» **Data shown**
+ + + + + + +

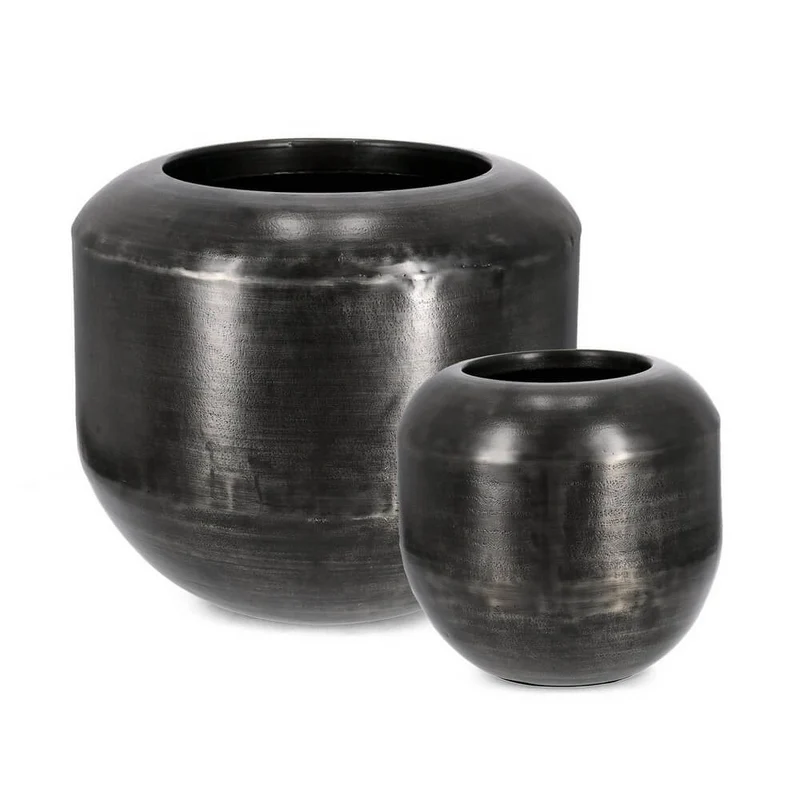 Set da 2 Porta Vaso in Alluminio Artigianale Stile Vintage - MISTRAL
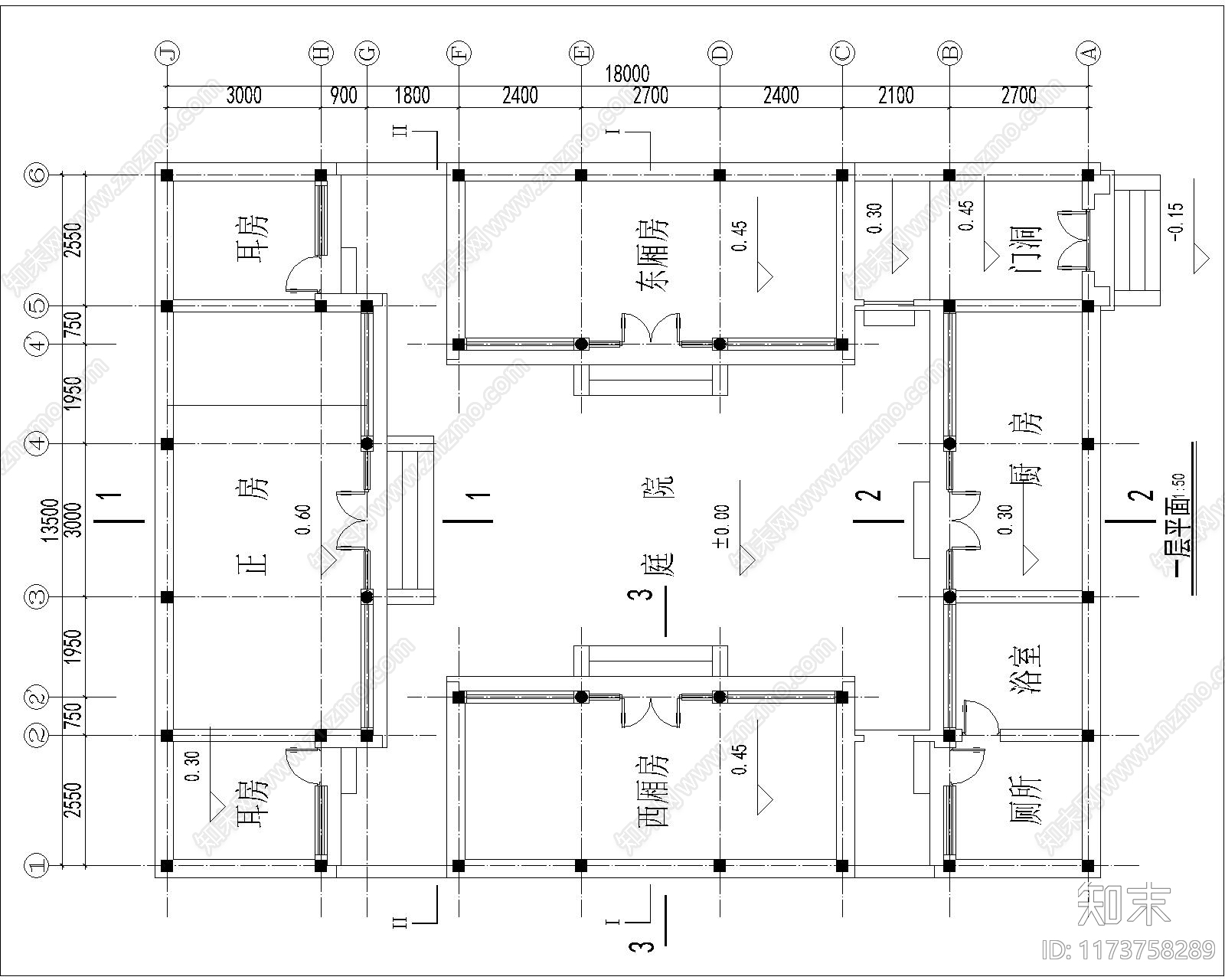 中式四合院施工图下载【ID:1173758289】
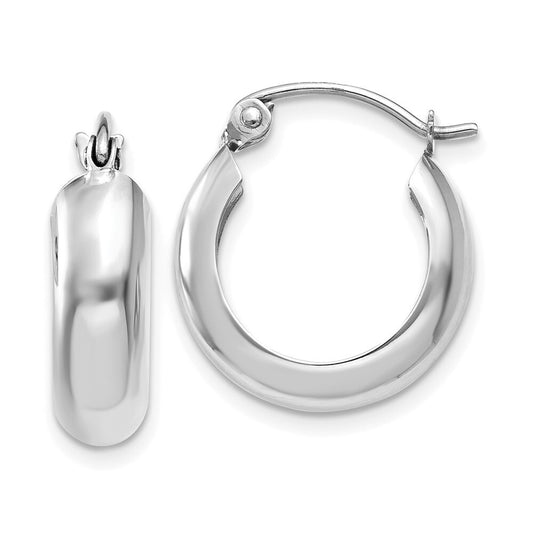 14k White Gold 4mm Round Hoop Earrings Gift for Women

+ + + + + + +

» **Task prompt**
Reproduce the whole listing above character for character; pictures do not belong in it.

» **Task answer**
 Set da 2 Porta Vaso in Alluminio Artigianale Stile Vintage - MISTRAL
 中式四合院施工图下载【ID:1173758289】
 14k White Gold 4mm Round Hoop Earrings Gift for Women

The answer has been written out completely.